- Interactive map of Yenikent Tunnel Yenikent Tüneli

Overview
- Location: Gerze, Sinop Province
- Coordinates: 41°44′14″N 35°15′28″E﻿ / ﻿41.73722°N 35.25778°E Yenikent Tunnel Location of Yenikent Tunnel in Turkey
- Status: Operational
- Route: D.010

Operation
- Constructed: Cengiz Construction Company
- Opened: 14 December 2012; 13 years ago
- Operator: General Directorate of Highways
- Traffic: automotive

Technical
- Length: 1,598 and 1,530 m (5,243 and 5,020 ft)
- No. of lanes: 2 x 2
- Operating speed: 80 km/h (50 mph)

= Yenikent Tunnel =

Road tunnel in Turkey

Yenikent Tunnel (Yenikent Tüneli), is a highway tunnel constructed in Sinop Province, northern Turkey.

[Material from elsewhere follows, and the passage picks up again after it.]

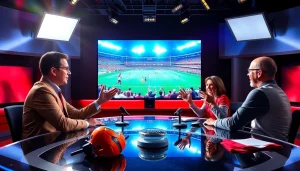 Hosts engaging in sports broadcasting discussion with vibrant backdrop and dynamic atmosphere.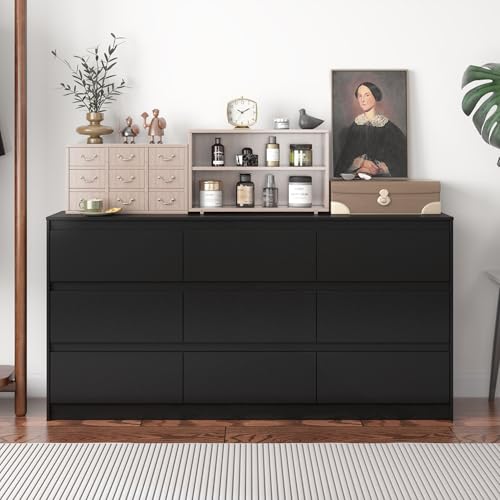 Hitow 9 Drawer Dresser for Bedroom with Deep Drawers, Large Floor Wood Dressers & Chest of Drawers Handle Free, Modern Black Long Dressers for Closet Living Room, Euro Slide (63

Yenikent Tunnel is part of the Sinop-Samsun Highway within the Black Sea Coastal Highway, of which construction was carried out by the Turkish Cengiz Construction Company. The 1598 and 1530 m-long twin-tube tunnel carrying two lanes of traffic in each direction. The Gerze Tunnel follows the Yenikent Tunnel in direction Sinop.

The tunnel was opened to traffic on 14 December 2012 by Turkish Minister of Transport, Maritime and Communication Binali Yıldırım.